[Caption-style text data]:
--*--
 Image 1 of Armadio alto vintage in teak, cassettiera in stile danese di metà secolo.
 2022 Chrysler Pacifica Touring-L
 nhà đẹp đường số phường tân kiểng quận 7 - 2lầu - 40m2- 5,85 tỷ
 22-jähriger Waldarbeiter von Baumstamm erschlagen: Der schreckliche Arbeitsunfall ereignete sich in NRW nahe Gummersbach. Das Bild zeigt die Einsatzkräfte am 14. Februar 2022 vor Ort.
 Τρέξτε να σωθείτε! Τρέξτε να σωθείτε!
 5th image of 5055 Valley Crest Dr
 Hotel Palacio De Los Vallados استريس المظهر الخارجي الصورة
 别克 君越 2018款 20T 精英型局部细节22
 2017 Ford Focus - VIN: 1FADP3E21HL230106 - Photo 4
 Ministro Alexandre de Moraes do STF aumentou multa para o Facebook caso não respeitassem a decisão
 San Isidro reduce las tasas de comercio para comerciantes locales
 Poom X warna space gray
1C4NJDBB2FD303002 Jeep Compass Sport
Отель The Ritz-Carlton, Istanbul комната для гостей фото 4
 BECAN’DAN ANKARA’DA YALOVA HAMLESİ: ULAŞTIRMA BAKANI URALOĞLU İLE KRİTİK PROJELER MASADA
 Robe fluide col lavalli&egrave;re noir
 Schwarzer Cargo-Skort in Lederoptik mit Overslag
--*--
[WHAT TO DO]:
Output the line holding "BECAN’DAN ANKARA’DA YALOVA", then every later line through the end of the records above, exactly as given and nothing else.

[TASK ANSWER]:
 BECAN’DAN ANKARA’DA YALOVA HAMLESİ: ULAŞTIRMA BAKANI URALOĞLU İLE KRİTİK PROJELER MASADA
 Robe fluide col lavalli&egrave;re noir
 Schwarzer Cargo-Skort in Lederoptik mit Overslag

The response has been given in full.